The following description of the TIPSY writebox format is from the man page for the TIPSY readasciicommand:

     Each time frame should be of the form:

          ntotal, ngas, nstar

          ndimensions

          time

          mass(i), i = 1 to ntotal

          x_position(i), i = 1 to ntotal

          y_position(i), i = 1 to ntotal

          z_position(i), i = 1 to ntotal

          x_velocity(i), i = 1 to ntotal

          y_velocity(i), i = 1 to ntotal

          z_velocity(i), i = 1 to ntotal

          grav_softening_length_dark_particles(i), i = 1 to ndark

          grav_softening_length_star_particles(i), i = 1 to nstar

          density(i), i = 1 to ngas

          temperature(i), i = 1 to ngas

          sph_smoothing_length(i), i = 1 to ngas,

          metals_gas(i), i = 1 to ngas,

          metals_star(i), i = 1 to nstar,

          formation_time(i), i = 1 to nstar,

          potential_energy(i), i = 1 to ntotal,

     where ntotal is the total number of particles, ngas  is  the
     number  of gas particles, ndark is the number of dark matter
     particles, and nstar is the number of star  particles.   The
     first  ngas  particles  should  be the gas particles and the
     last nstar particles should be the star particles  with  the
     dark  particles  being  in the middle.  Therefore, each time
     frame should contain 9*ntotal+3*ngas+2nstar +3 lines.
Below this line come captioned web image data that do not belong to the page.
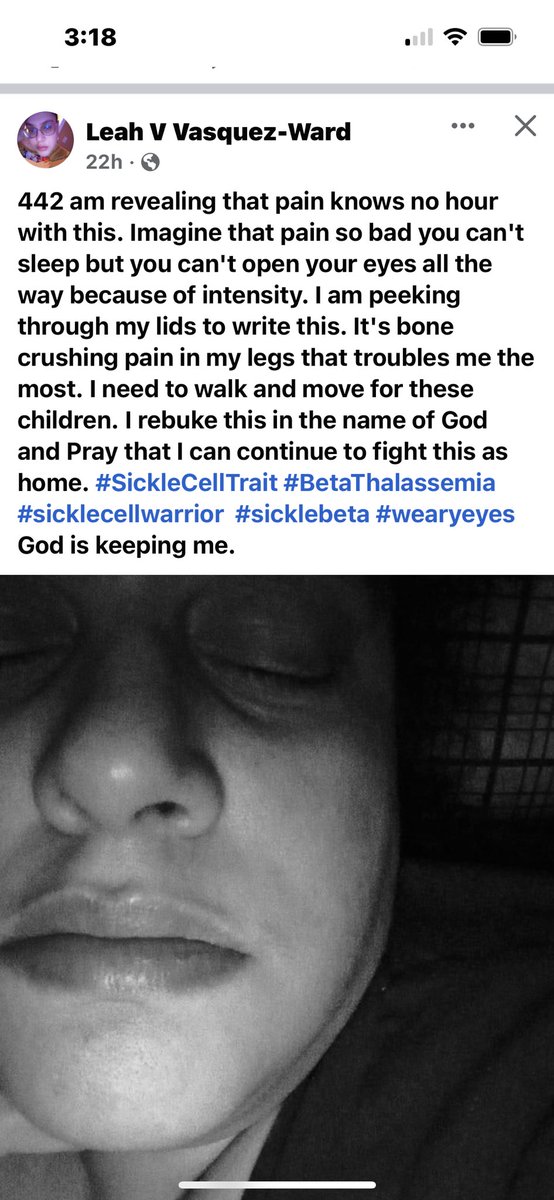 It’s 3:18 am and like my dear friend Leah a #SickleCellWarrior I too am dealing with my #sicklecell pain.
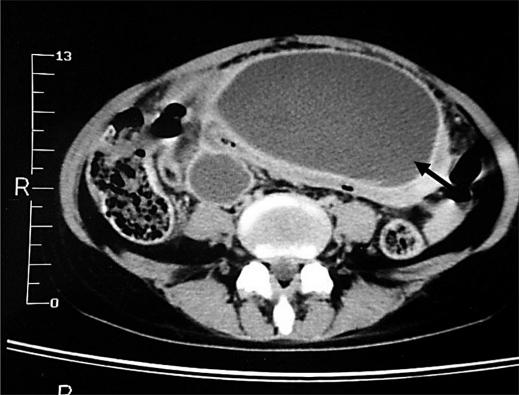 https://cdn.ncbi.nlm.nih.gov/pmc/blobs/b9dc/3075158/9a679b2108ad/crg0002-0006-f03.jpg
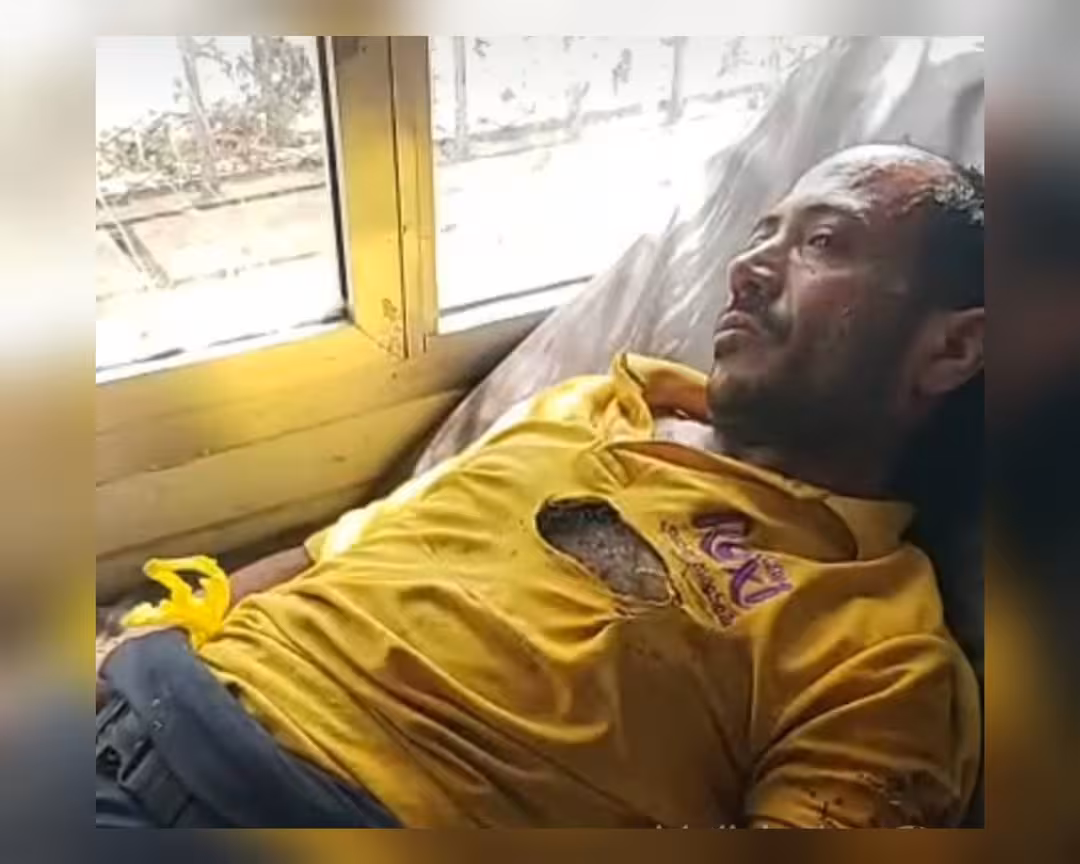 تعز: بائع متجول يحرق نفسه في سوق التربة احتجاجاً على الجبايات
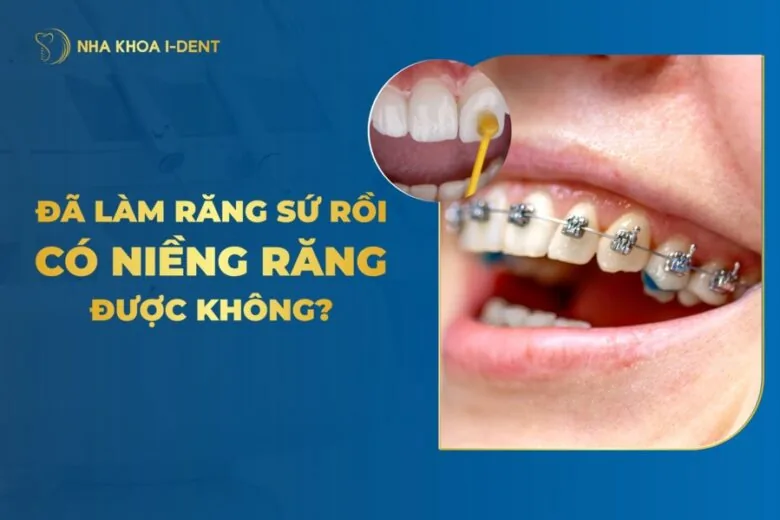 răng sứ có niềng được không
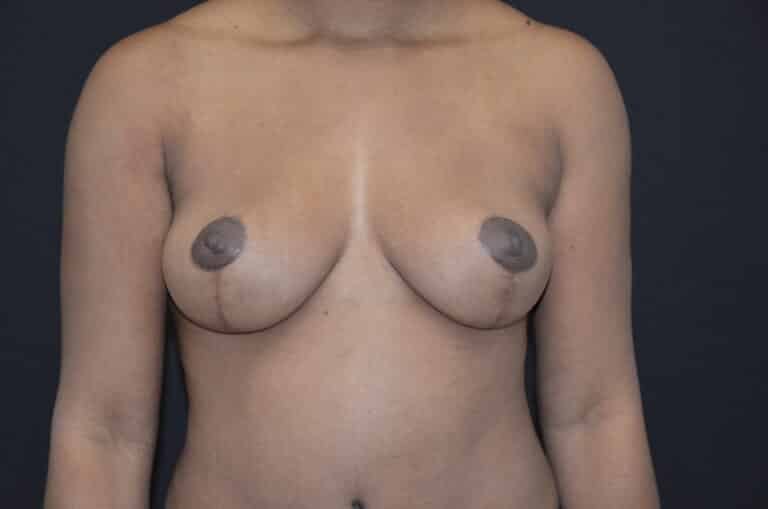 After Image: Breast Lift - front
The StarSplatter ssplat load_tipsy_box reads the coordinate, mass, star and dark matter softening length, and gas SPH smoothing length information from these files. Velocity, gas density, temperature, and data following the SPH smoothing length are ignored. It is generally necessary to modify the starbunch overall density and scale length values to produce good images from this data.

 

Dubinski Format

These files can be either ascii or binary. In either case, the format is as follows:

nbodies ngroups time
istart1 iend1 mass1
istart2 iend2 mass2
.
.
.
x y z
x y z
etc.

The n'th istart value is one greater than the (n-1)'th iend value; the first istart value is 1. The number of particles in a group is (iend +1 - istart). mass is a floating point value, as are the coordinates.
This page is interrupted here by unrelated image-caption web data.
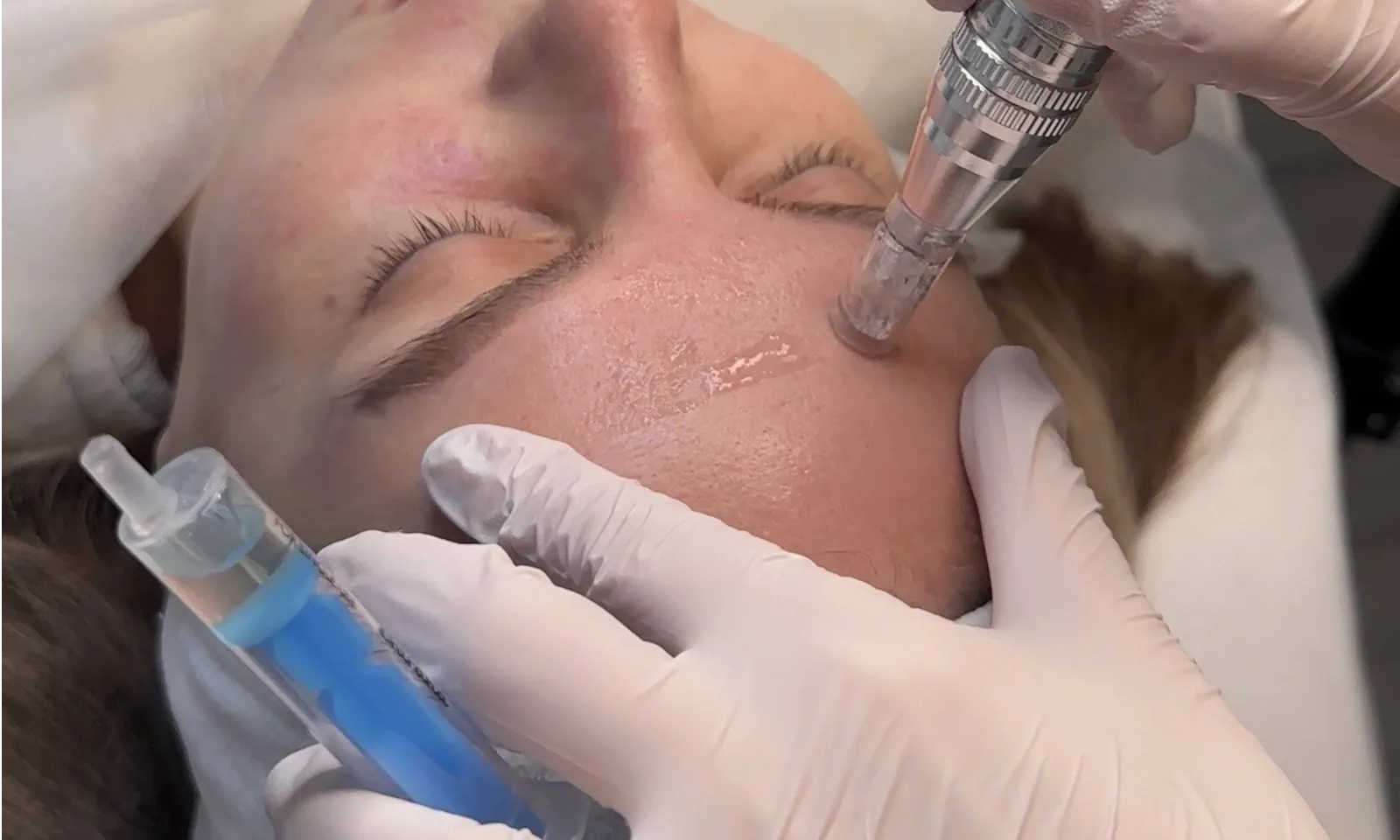 Что такое микронидлинг и кому он подходит?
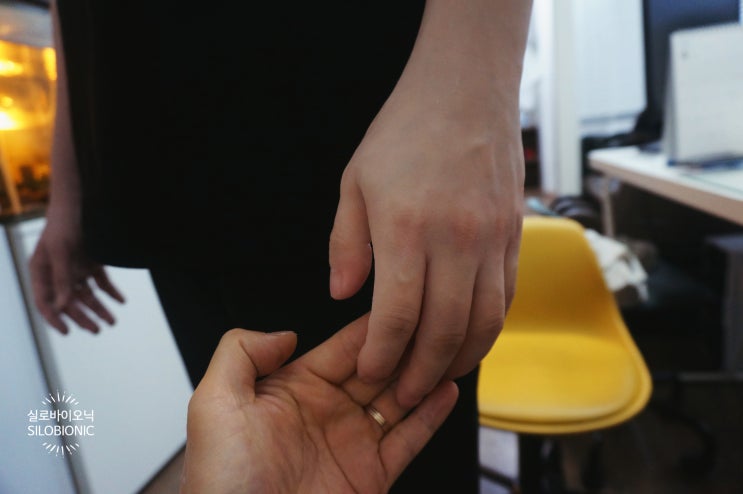  손목절단&흉터 커버, 팔꿈치까지 끼우는  실리콘 맞춤형 의수 제작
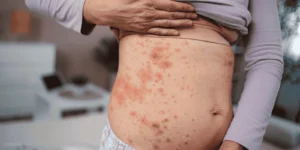measles rash vs spring rashes parents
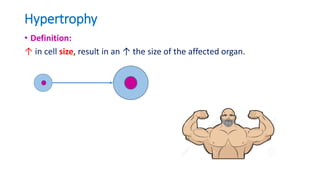 Hypertrophy
• Definition:
↑ in cell size, result in an ↑ the size of the affected organ.
 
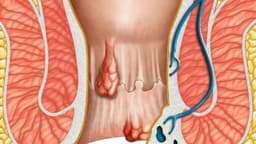 Có cần cắt da thừa hậu môn sau cắt trĩ không?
In binary format, nbodies, ngroups, and start and end integers are native ints, while time, masses, and coordinates are native floats. The file is assumed to have no record structure, as if written from the C language.

General Format

It is common to load data into StarSplatter by converting it from some other format with a conversion program (possibly run from the same Tcl script controlling StarSplatter) to a general coordinate format, and then reading that data with the ssplat load command. The input to that command can be either ascii or native binary. It must contain either consecutive triples of X-Y-Z coordinates as floating point numbers (xyzxyz format) or consecutive 5-ples of X-Y-Z coordinate information followed by particle density and particle exponent constant data in that order (xyzdkxyzdk format). The file must contain enough data to fill all the starbunches provided to the command. In binary mode, the data is given as native floating point values, and the file has no record structure, as for a file written from the C language. Because of the way Tcl handles files, all the data in the file must be read at once; consecutive ssplat loadcommands to the same file will not work properly.

 

Modifying StarSplatter

Three parts of StarSplatter which a user might wish to modify are the utilities that load data files, the function that rescales the exposure of an image, and the splatting algorithm itself. If one has access to a C++ compiler, it is very reasonable to modify and recompile the code to make these changes.

It is possible to load new file formats by writing Tcl code. If this proves too slow, the routines that load the Dubinski and TIPSY formats are in the file utils.cc.

The method StarSplatter::convert_image() is responsible for rescaling the exposure of images. This code is in ssplat_usr_modify.cc.

To change the algorithm by which splats are drawn, modify the method StarSplatter::slow_splat() in starsplatter.cc and be sure to set the renderer's force_slow_splat_method flag to true. I do not recommend modifying the accelerated splatting routine.